THE DATA |
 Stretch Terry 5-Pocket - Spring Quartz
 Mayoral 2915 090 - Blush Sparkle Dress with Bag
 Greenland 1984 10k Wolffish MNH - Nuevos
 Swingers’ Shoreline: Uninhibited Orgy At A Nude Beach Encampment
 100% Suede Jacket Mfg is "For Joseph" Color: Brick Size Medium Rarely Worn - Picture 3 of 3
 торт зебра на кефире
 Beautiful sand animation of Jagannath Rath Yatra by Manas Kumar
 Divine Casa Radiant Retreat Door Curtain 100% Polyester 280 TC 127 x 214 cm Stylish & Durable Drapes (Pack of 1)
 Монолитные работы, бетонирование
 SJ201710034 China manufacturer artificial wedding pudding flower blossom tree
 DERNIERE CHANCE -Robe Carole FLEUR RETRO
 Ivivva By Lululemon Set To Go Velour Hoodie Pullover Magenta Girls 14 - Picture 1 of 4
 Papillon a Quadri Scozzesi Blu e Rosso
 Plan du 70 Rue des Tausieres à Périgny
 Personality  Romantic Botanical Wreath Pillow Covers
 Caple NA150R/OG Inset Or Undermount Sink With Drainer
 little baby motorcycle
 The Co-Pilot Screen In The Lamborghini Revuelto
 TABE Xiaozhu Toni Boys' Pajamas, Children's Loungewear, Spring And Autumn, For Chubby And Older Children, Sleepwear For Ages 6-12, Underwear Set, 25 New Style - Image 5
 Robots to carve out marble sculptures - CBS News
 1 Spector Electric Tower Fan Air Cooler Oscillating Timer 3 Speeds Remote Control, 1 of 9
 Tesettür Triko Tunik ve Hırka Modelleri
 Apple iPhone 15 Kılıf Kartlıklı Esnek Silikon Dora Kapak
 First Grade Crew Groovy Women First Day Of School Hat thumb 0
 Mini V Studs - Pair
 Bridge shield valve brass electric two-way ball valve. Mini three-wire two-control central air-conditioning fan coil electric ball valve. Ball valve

DIRECTIONS FOR THIS TASK | Copy every line from the records above that contains the word "Spring".

RESULT FOR THIS EXERCISE |
 Stretch Terry 5-Pocket - Spring Quartz
 TABE Xiaozhu Toni Boys' Pajamas, Children's Loungewear, Spring And Autumn, For Chubby And Older Children, Sleepwear For Ages 6-12, Underwear Set, 25 New Style - Image 5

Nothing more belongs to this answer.